Sur les frais liés au litige :
26. Dans les circonstances de l’espèce, il y a lieu de mettre à la charge de l’Etat la somme de 1 500 euros à verser à la commune de Toulouse au titre de l’article L. 761-1 du code de justice administrative.
N° 1904438 11
D E C I D E :
Article 1er : L’Etat est condamné à payer la somme de 559 794,49 euros à la commune de Toulouse. Cette somme portera intérêt à compter du 7 mars 2019. Les intérêts seront capitalisés à compter du 7 mars 2020 et à chaque échéance annuelle.

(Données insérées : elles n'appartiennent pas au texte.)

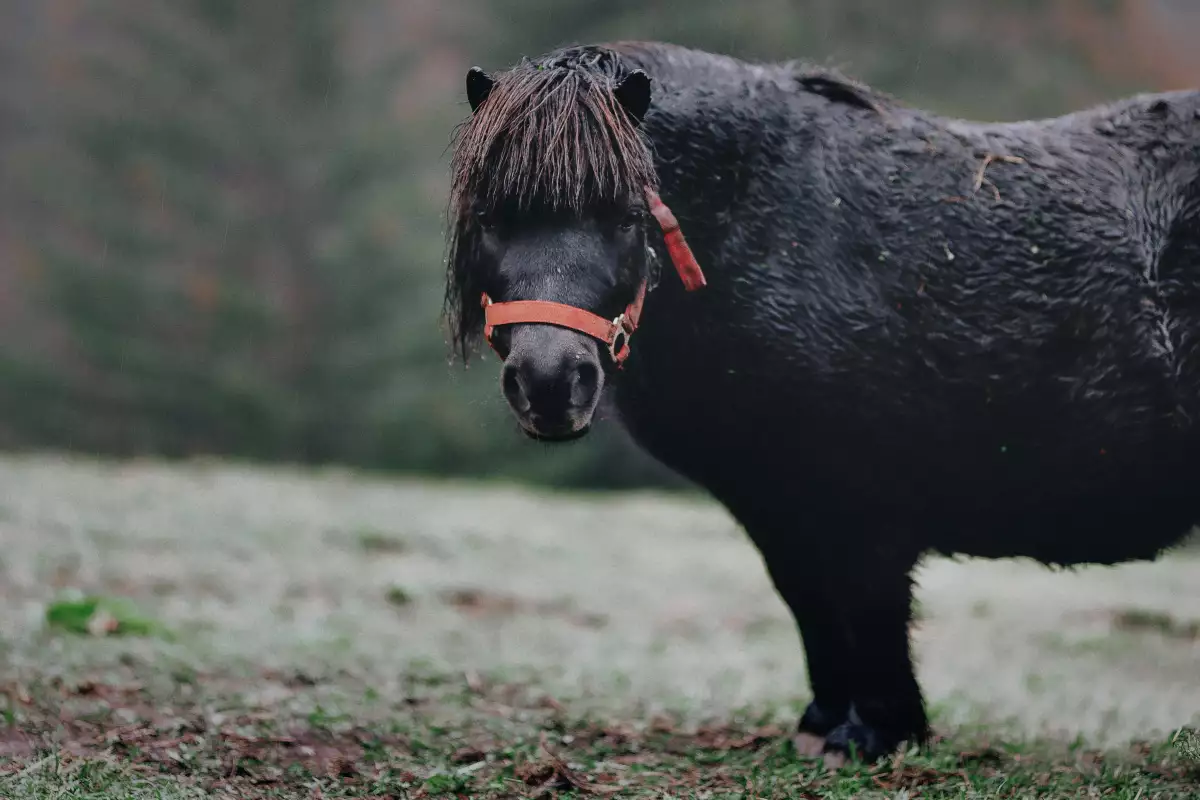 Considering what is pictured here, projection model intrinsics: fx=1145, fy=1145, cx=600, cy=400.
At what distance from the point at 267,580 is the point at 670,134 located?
17.0ft

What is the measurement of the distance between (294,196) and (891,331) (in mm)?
21062

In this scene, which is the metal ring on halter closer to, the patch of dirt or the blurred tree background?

Article 2 : L’Etat versera la somme de 1 500 euros à la commune de Toulouse au titre de l’article L. 761-1 du code de justice administrative.
Article 3 : Le surplus des conclusions de la requête est rejeté.
Article 4 : Le présent jugement sera notifié à la commune de Toulouse et au ministre de l’intérieur.
Copie en sera adressée au préfet de la Haute-Garonne.
Délibéré après l’audience du 31 mars 2022, à laquelle siégeaient :
M. D, président, Mme Y-Z, première conseillère, M. Farges, conseiller.
Rendu public par mise à disposition au greffe le 21 avril 2022.
La rapporteure,
Le président,
S. Y-Z T. D
La greffière,
M. X
La République mande et ordonne au ministre de l’intérieur en ce qui le concerne ou à tous huissiers de justice à ce requis en ce qui concerne les voies de droit commun contre les parties privées, de pourvoir à l’exécution de la présente décision.